● **THE TASK**
I'd like the entries that follow repeated exactly, with the pictures left out.

(Caption-style text data)
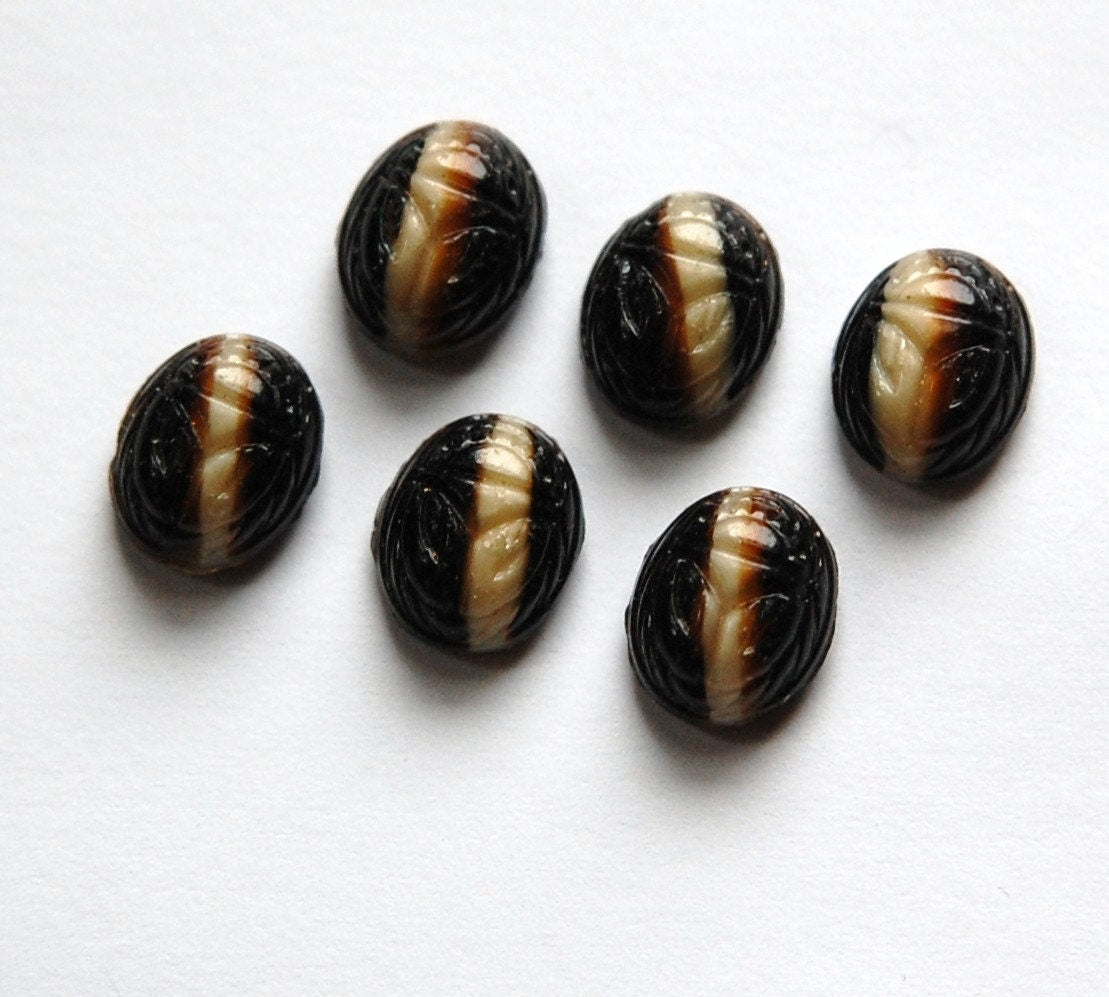 Vintage Brown Tan Scarab Glass Cabochons 10x8mm (6) cab319Y
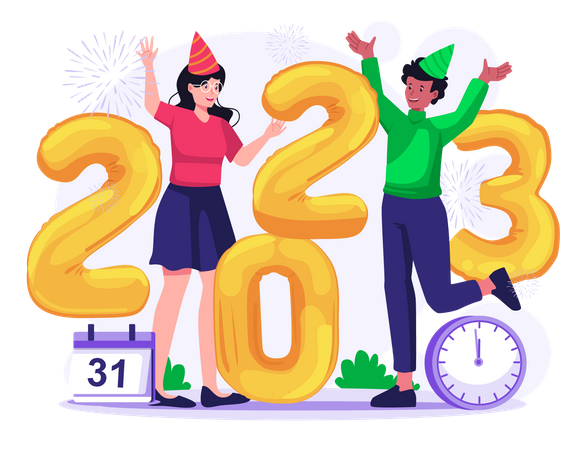 Happy People Celebrate New Year 2023 Illustration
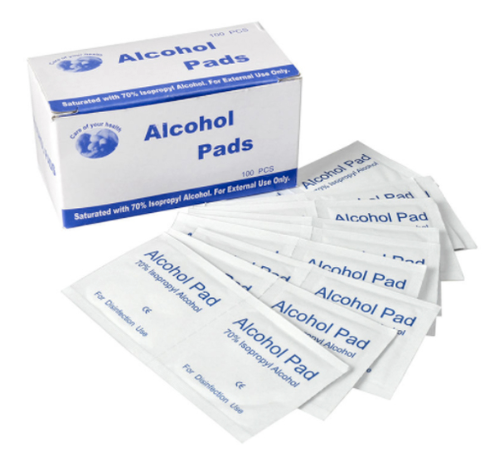 A box of MHC Medium Alcohol Prep Pads (100 OR 200 Pads per Box) on a white background, suitable for healthcare settings.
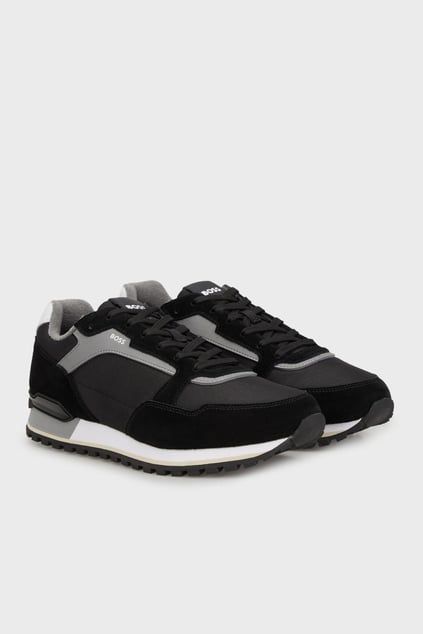 BOSS BOSS Erkek Süet Kumaş Rahat Taban Marka Logolu Bağcıklı Siyah Sneaker 50523221-010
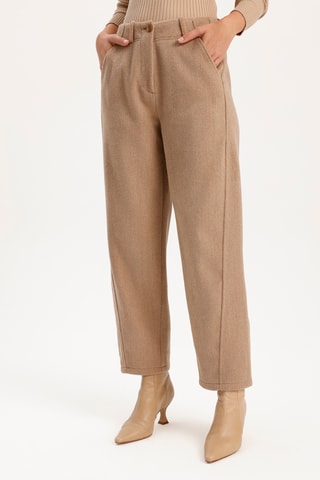 Pantalon carotte taille haute  - Gris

● **EXERCISE RESPONSE**
 Vintage Brown Tan Scarab Glass Cabochons 10x8mm (6) cab319Y
 Happy People Celebrate New Year 2023 Illustration
 A box of MHC Medium Alcohol Prep Pads (100 OR 200 Pads per Box) on a white background, suitable for healthcare settings.
 BOSS BOSS Erkek Süet Kumaş Rahat Taban Marka Logolu Bağcıklı Siyah Sneaker 50523221-010
 Pantalon carotte taille haute  - Gris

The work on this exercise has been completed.